Photo:Jake Roth/USA TODAY Sports
A new era in baseball has finally emerged on the north side of Chicago, just as it has been a staple on the south side since the days of Minnie Minoso and Luis Aparicio. It can be best described as a Latino invasion.
Javier Baez is now a Chicago Cub, promoted presumably to breathe some life into a team that continues to scuffle in last place. But calling up the 21 year old infielder is really quite a bit more significant. Baez represents what has been a plan to pump fresh blood into the Cubbies, leading a renaissance of Hispanic players who will join Starlin Castro, Welington Castillo, Arismendy Alcantara and others as the new faces of historic Wrigley Field. Perhaps the time has come for the north side’s beer-guzzling fans to take a Rosetta Stone Spanish course.
Javy Baez is a power-hitting shortstop who will scoot over to second base to accommodate Castro, a major league all-star. A pro for only three years, Baez has been billed as the best player out of Puerto Rico since Carlos Beltran. That might be a bit unfair, since the kid has been on a fast track to The Show and got off to a slow start at the AAA level. But the Cubs first round pick in the 2011 amateur draft has been on a roll lately, smashing 12 home runs in Iowa since July 1st and blasting a bomb for the World Team in this year’s Futures Game.

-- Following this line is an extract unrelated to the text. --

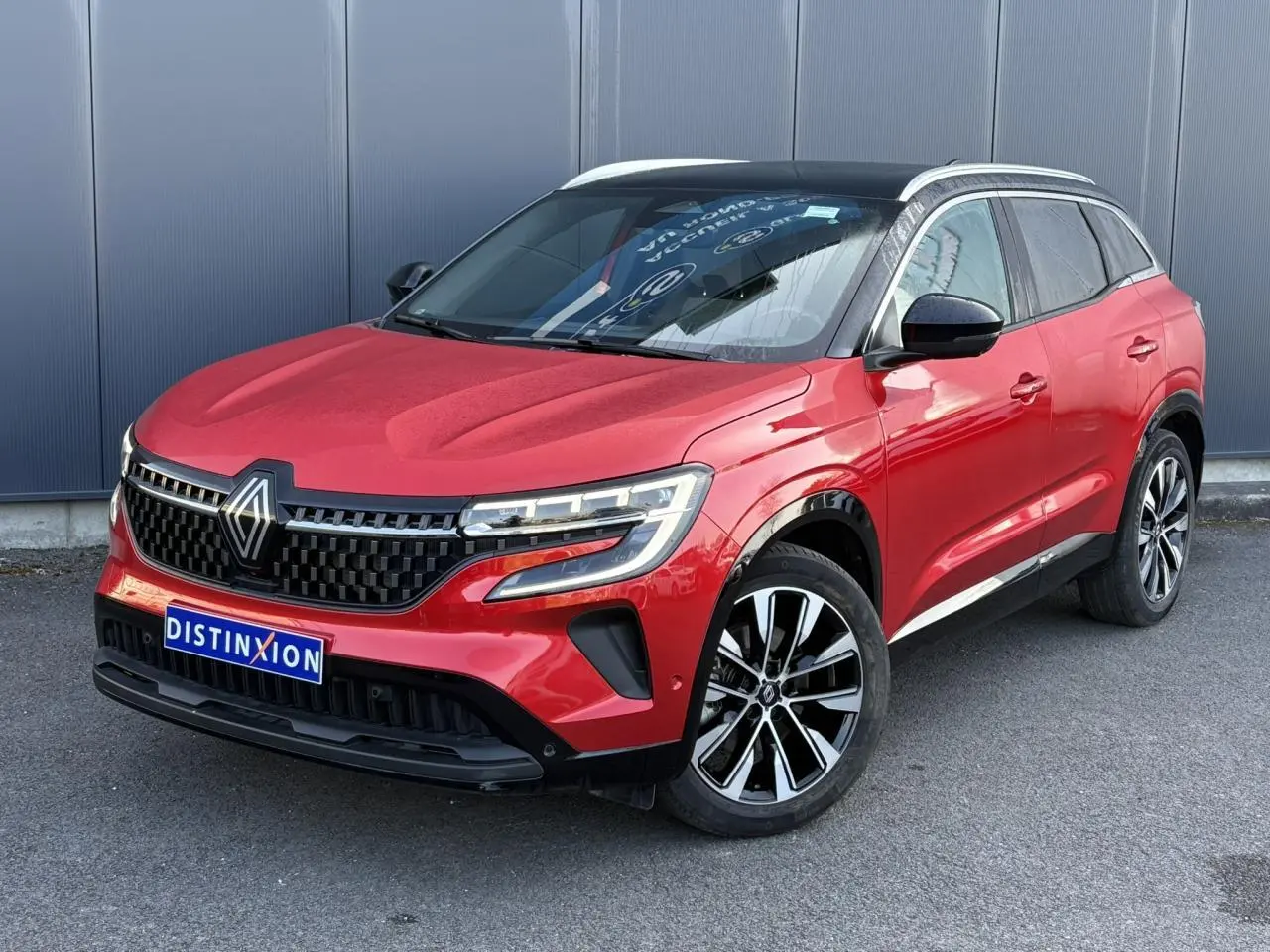 Renault Austral E-Tech rouge Flamme en 3/4 avant droit avec toit panoramique noir étoilé et jantes alliage noires.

Baez is joining the Cubs in Denver for a series against the Colorado Rockies, and hitting in the thin mountain air is a good place to launch a career. Wrigley can be friendly too when the wind is blowing out, and Chicago is expected to call up another slugger, Cuban outfielder Jorge Soler, in the coming weeks. Another jardinero in the mix is Cuban-American Albert Almora, who was Chicago’s top pick in the 2012 draft.
I think it’s interesting that the big market Cubs have adopted the philosophy of organizations with a smaller revenue base like the Miami Marlins and the Kansas City Royals. It’s no secret that building a team around strong Latino talent has its rewards, and the Cubs have the perfect manager in Rick Renteria, a bilingual guy who was Team Mexico’s skipper in the World Baseball Classic.
It’s often said that games at Wrigley take on a party-type atmosphere. With Baez and company leading the parade, the guateque is about to get a whole lot merrier.